Seminars & Colloquia
Frank Ruskey
Department of Computer Science, University of Victoria
" New Gray Codes for Combinations and Polyominos"
Tuesday January 24, 2006 04:00 PM
Location: 1226, EB II NCSU Centennial Campus
(Visitor parking instructions)
First, we present a new Gray code for combinations that is practical and elegant (Knuth includes it in Volume 4). We represent combinations as bitstrings with s 0's and t 1's, and generate them with a remarkably simple rule: Identify the shortest prefix ending in 010 or 011 (or the entire bitstring if no such prefix exists) and then rotate (shift) it by one position to the right. Since the rotated portion of the string consists of at most four contiguous runs of 0's and 1's, each successive combination can be generated by transposing only one or two pairs of bits. This leads to a very efficient loopless implementation. The Gray code also has a simple and efficient ranking algorithm that closely resembles that of combinations in colex order. For this reason, we have given a nickname to our order: cool-lex! (Research with Aaron Williams.)

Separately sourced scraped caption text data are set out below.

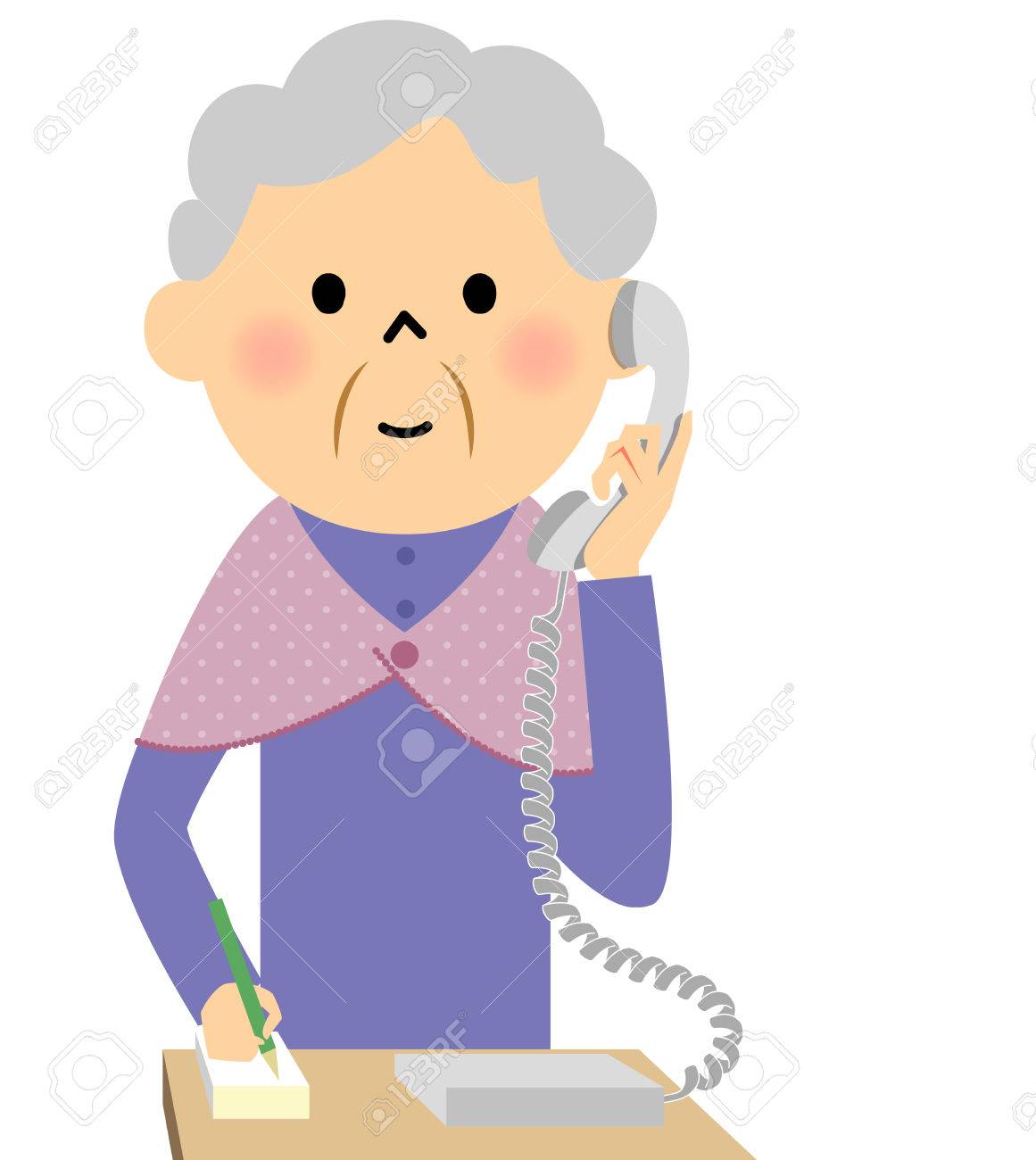 女性高齢者 電話のイラスト素材 ベクタ Image 女性高齢者 電話のイラスト素材 ベクタ Image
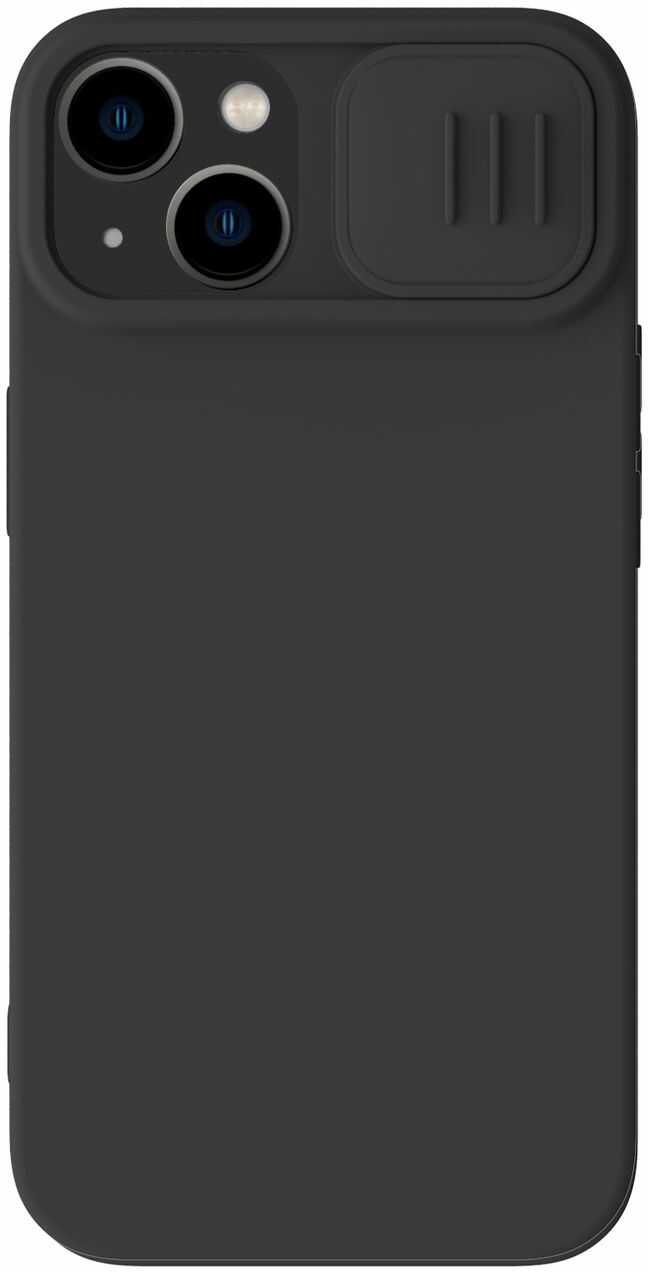 Nillkin CamShield Silky Silicone Case etui iPhone 14 Plus pokrowiec z osłoną na aparat czarny
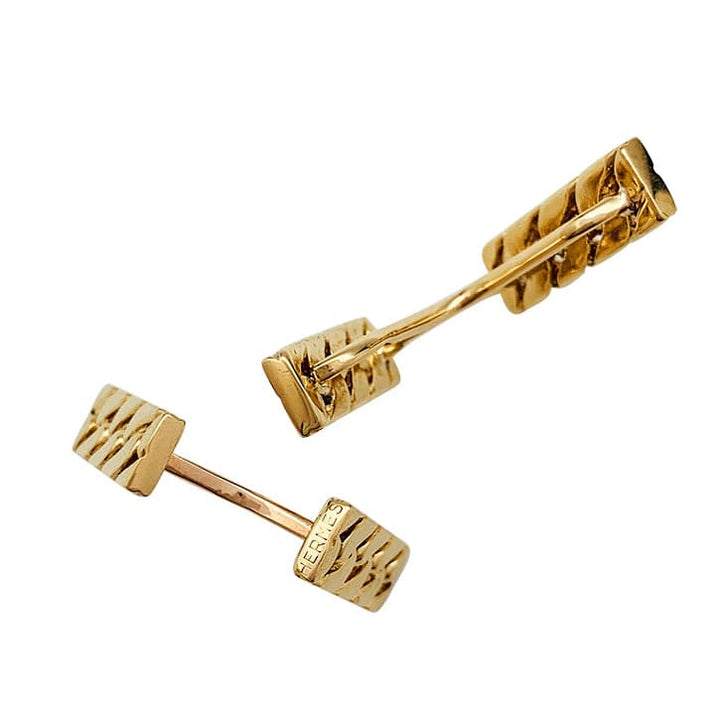 Boutons De Manchette HERMES En Or Motif H - Made In France - État Occasion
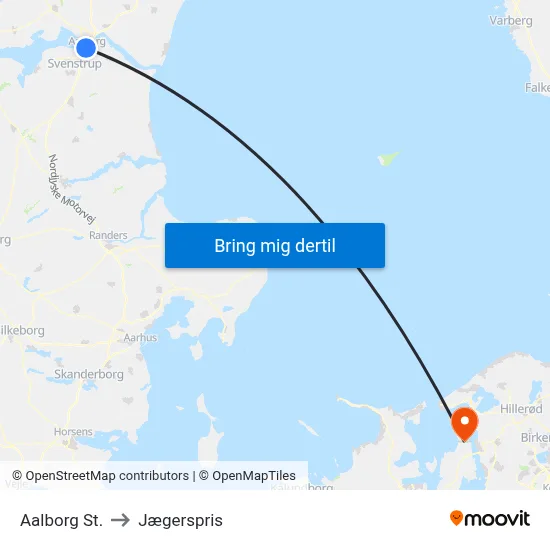 Aalborg St. to Jægerspris map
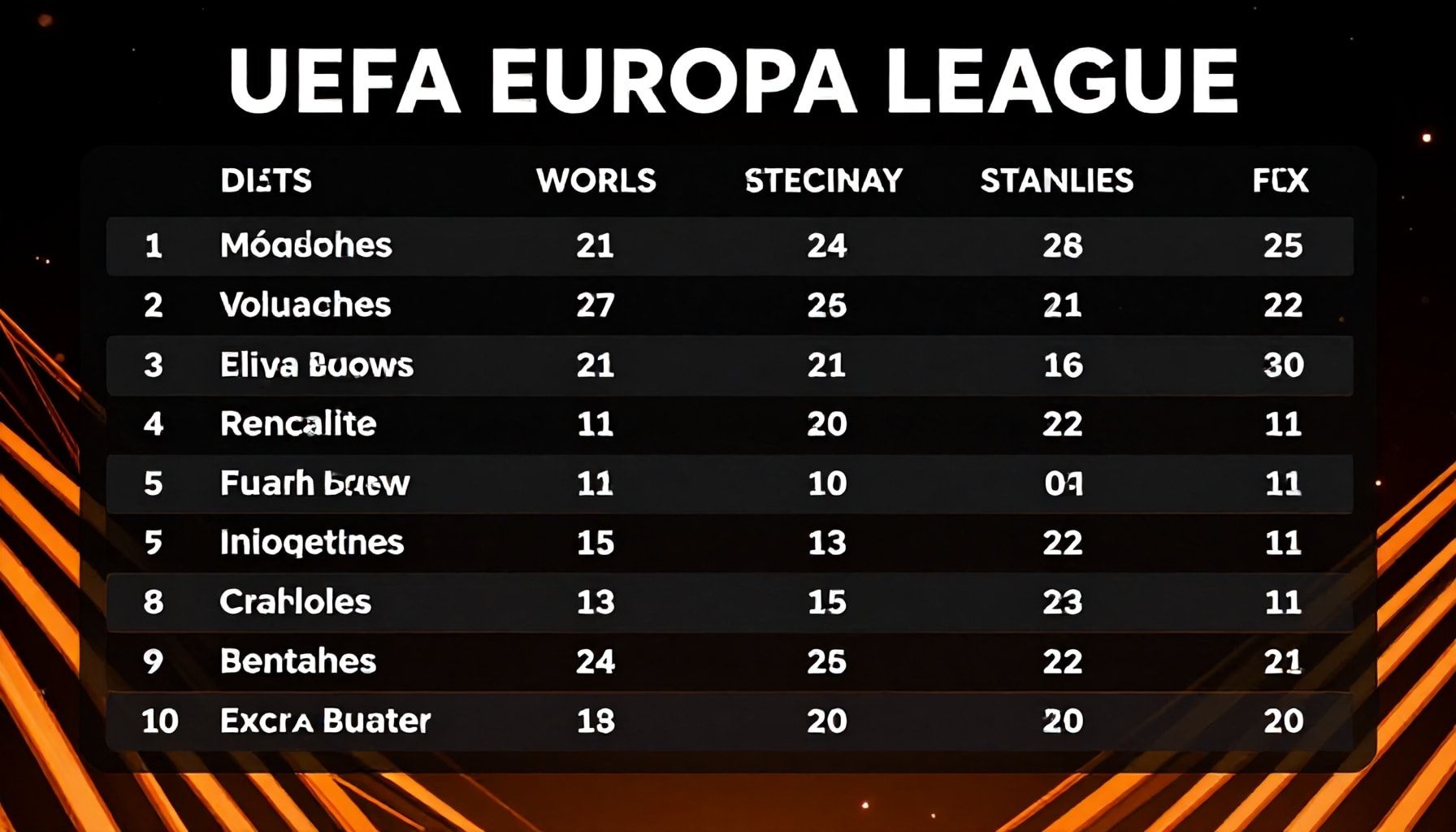 5 Yöntemle UEFA Avrupa Ligi puan durumunu doğru şekilde analiz edin"*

Next, we consider Gray codes for column-convex polyominoes, which are polyominoes whose intersections with vertical lines are connected. In the code successive polyominoes differ by the movement of one square. These Gray codes have interesting connections with certain classical distributive lattices studied in algebraic combinatorics, particularly with regard to questions of rank unimodality. (Research with Stirling Chow and Scott Craig.)